All weirdness aside, though, we did pull out the pump last night to see if the little nugget would take a bottle from her daddy.  She's done so well with latching and waking up to eat every three hours, that we decided it was time to see what else she can do.  I've heard other parents say they waited too long to introduce a bottle because they were afraid of "nipple confusion," but I wasn't too worried about it at this point.  I pumped for fifteen minutes and got four ounces of milk, which looks like a LOT when you think about how small she is.  I was certain she wouldn't drink it all.  Sylvain sat in the glider where I nurse her, laid her back in his arm, and tilted the bottle toward her.  She opened up and went to town on that bottle!  I couldn't believe how easy it was for her!  She sucked down those four ounces in about fifteen minutes and STILL WANTED MORE!  Thirty minutes later I nursed her again and she still ate.  She's definitely a Neltner baby - girl is not afraid to EAT!  (And tell me that picture of a daddy and his little girl isn't just the sweetest thing you've ever seen in your life!  I absolutely melted when she started to eat and he smiled.)

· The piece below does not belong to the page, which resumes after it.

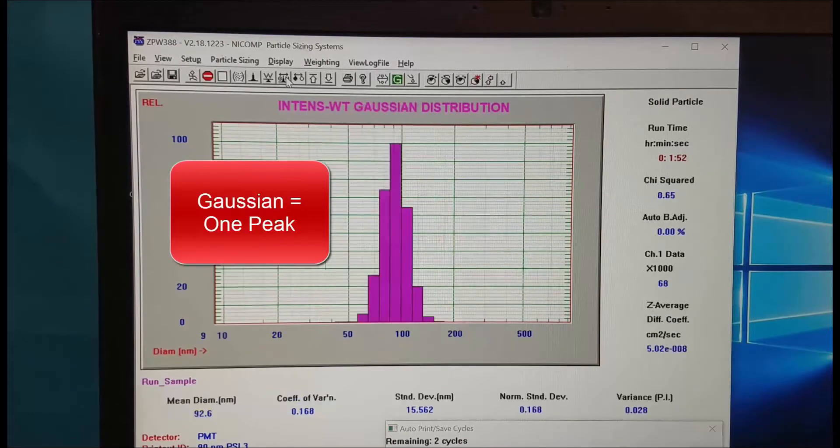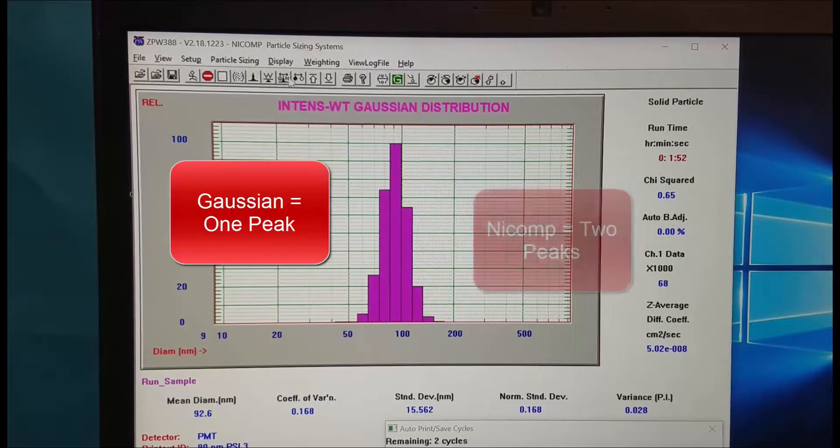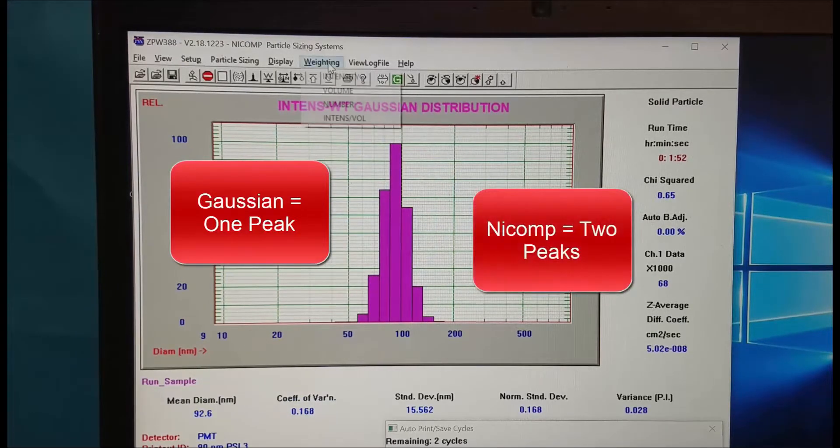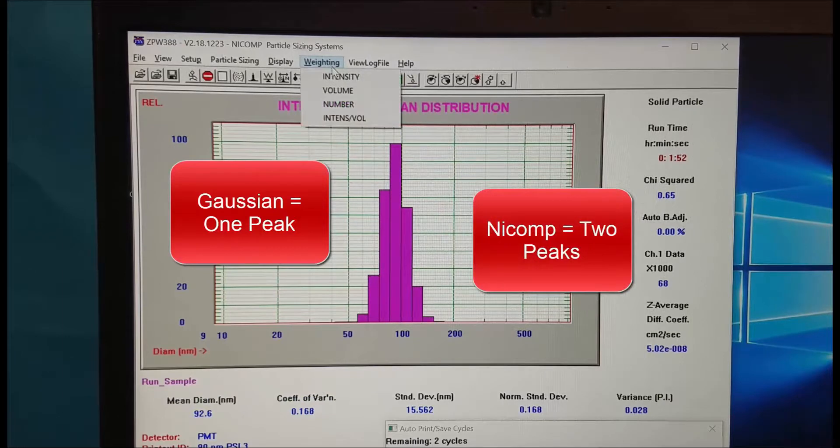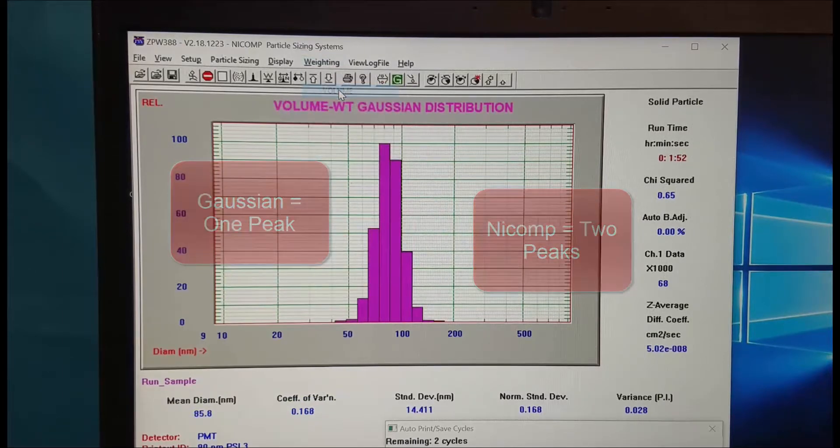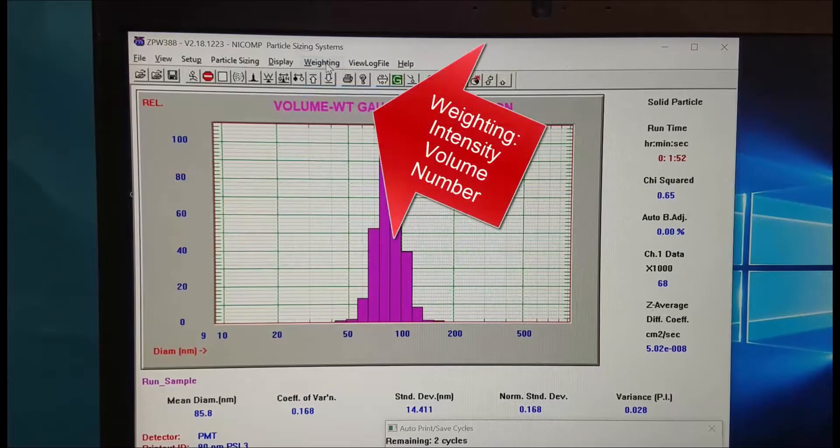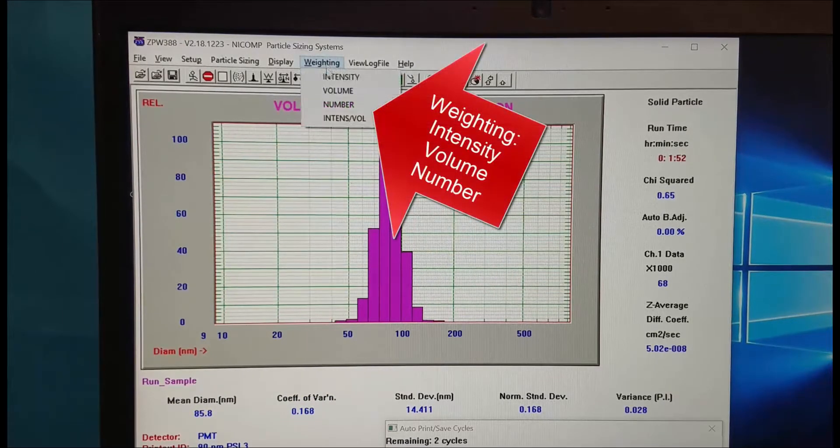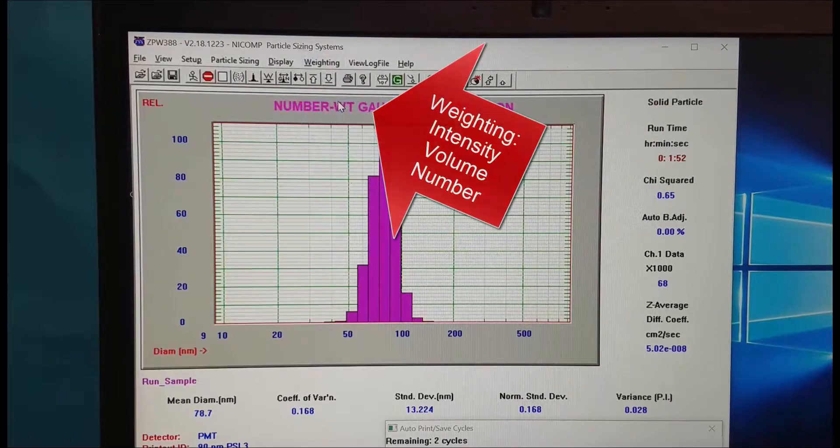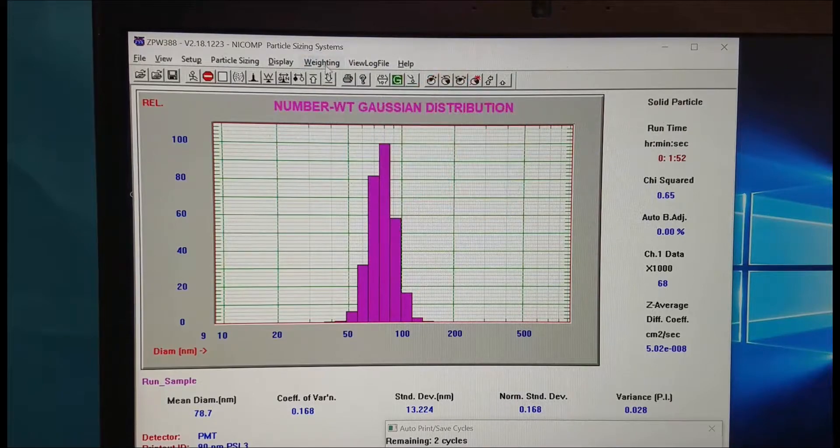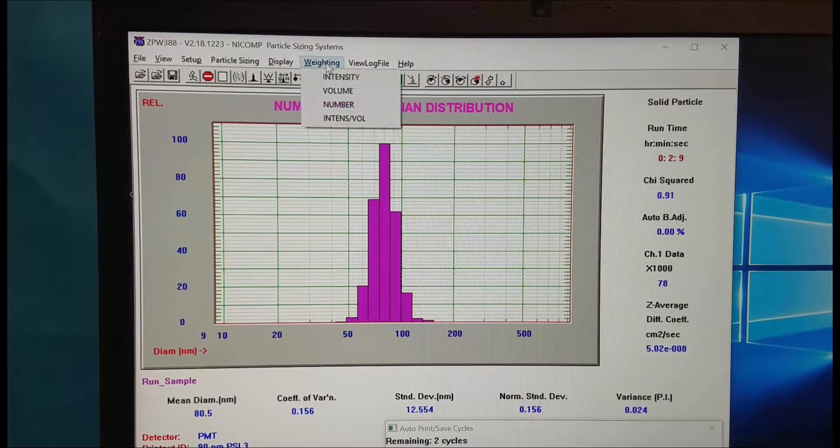Click on this G and N button to switch between the Gaussian and the Nicomp distribution. Weighting allows us to look at the intensity, volume, or number distribution.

One huge advantage to breastfeeding that I was not anticipating - the emotional release.  I've been VERY weepy these last few days at home, especially the first couple nights.  I get panicky and anxious and scared and sad all at once.  I can feel it coming and I know it has to do with hormones and post partum depression and that it's completely normal, so I try to fight off tears and talk myself into feeling better.  But eventually I just can't stop crying and it takes Sylvain or my mom saying "What's wrong?" for me to let loose and wail about something that's bothering me.  Now, I did not realize this would happen: when I get weepy and sad, I just wait until the baby's next feeding, and when I sit down to nurse her, I can literally feel my body adjusting and going back to normal.  I can feel my muscles relax, and I can feel my brain centering itself, I can just feel all of the tension and anxiety leave my body as I rest my head on the glider and stare at that beautiful little girl just suckling away.  It's the most amazing feeling in the world.  Who knew?

I am so lucky to have the opportunity to practice this art of mothering for four whole months before I go back to work.  Knowing that my only job right now is to provide for our baby brings such a sense of calm and relief, even though it carries a lot of repsonsibility!  Our first trip to the pediatrician confirmed that we are actually doing things right - she gained 3 ounces in the two days she had been home!  Getting outside and getting around are also helping ward off the blues.  We took her to the grocery store after our doctor appointment, we took her on a walk to the library, and today I took her to Target ALL BY MYSELF!  The doctor said she can go anywhere we go, but we probably shouldn't take her to church or to our schools until she's at least six weeks old.  The doctor also said I can drink a glass of wine and it won't hurt her one bit, it actually helps with "let down" which is part of the breastfeeding process where they get the good milk after they've been feeding for a few minutes.  You can bet I was glad to hear that!


So all is well in the world of babies and boobs!  I won't tell you about how many t-shirts I've already ruined with leaky breastmilk or how many sleepers Sylvia has ruined with her gigantic breastmilk poos.  Seriously, the fluids flying around this house are unreal!  I never thought I'd be so excited about it, either.  We get really excited about poo.


2 comments:

krissy said...

precious update!

Meredith said...

Keep it up! I always imagined that my pump was talking to me. "holy COW holy COW holy COW" is what it seemed to be saying.